+++ Provided material
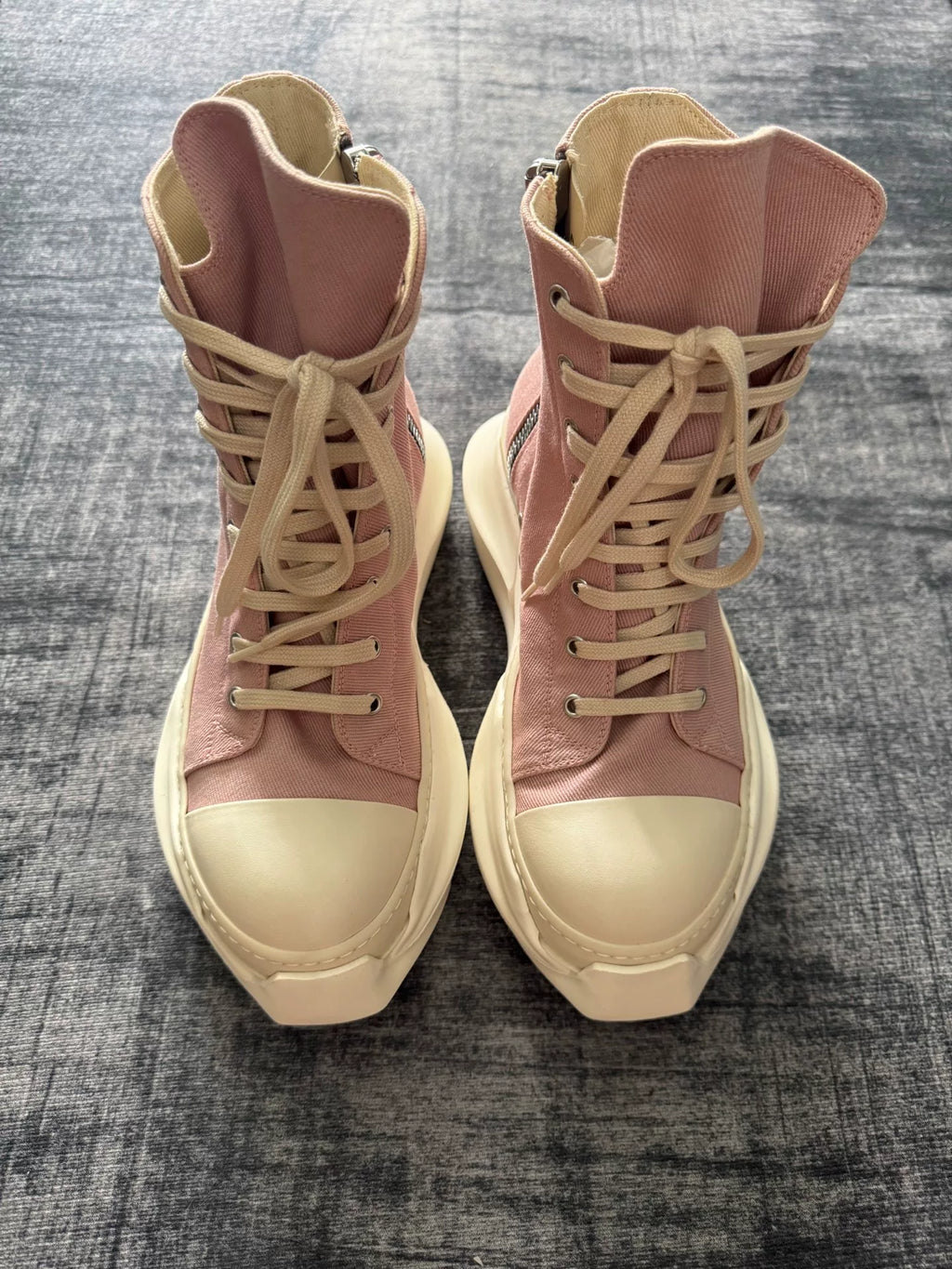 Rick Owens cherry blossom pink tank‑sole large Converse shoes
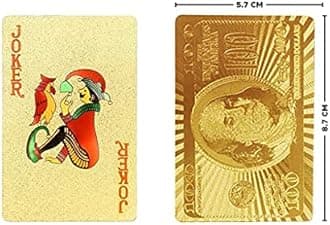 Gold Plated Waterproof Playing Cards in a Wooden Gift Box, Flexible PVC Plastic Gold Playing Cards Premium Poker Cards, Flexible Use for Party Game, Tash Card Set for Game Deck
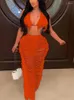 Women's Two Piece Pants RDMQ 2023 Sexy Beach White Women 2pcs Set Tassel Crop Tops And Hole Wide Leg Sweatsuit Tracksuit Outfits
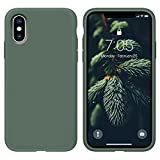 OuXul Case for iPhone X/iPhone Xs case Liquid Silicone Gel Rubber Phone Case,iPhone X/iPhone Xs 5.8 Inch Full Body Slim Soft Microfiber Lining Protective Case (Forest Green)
++++++
Problem statement: Without the pictures, retype exactly the lines from the one that holds "Gold Plated Waterproof" to the last line of the data above, both of them included.

Solution for this task:
 Gold Plated Waterproof Playing Cards in a Wooden Gift Box, Flexible PVC Plastic Gold Playing Cards Premium Poker Cards, Flexible Use for Party Game, Tash Card Set for Game Deck
 Women's Two Piece Pants RDMQ 2023 Sexy Beach White Women 2pcs Set Tassel Crop Tops And Hole Wide Leg Sweatsuit Tracksuit Outfits
 OuXul Case for iPhone X/iPhone Xs case Liquid Silicone Gel Rubber Phone Case,iPhone X/iPhone Xs 5.8 Inch Full Body Slim Soft Microfiber Lining Protective Case (Forest Green)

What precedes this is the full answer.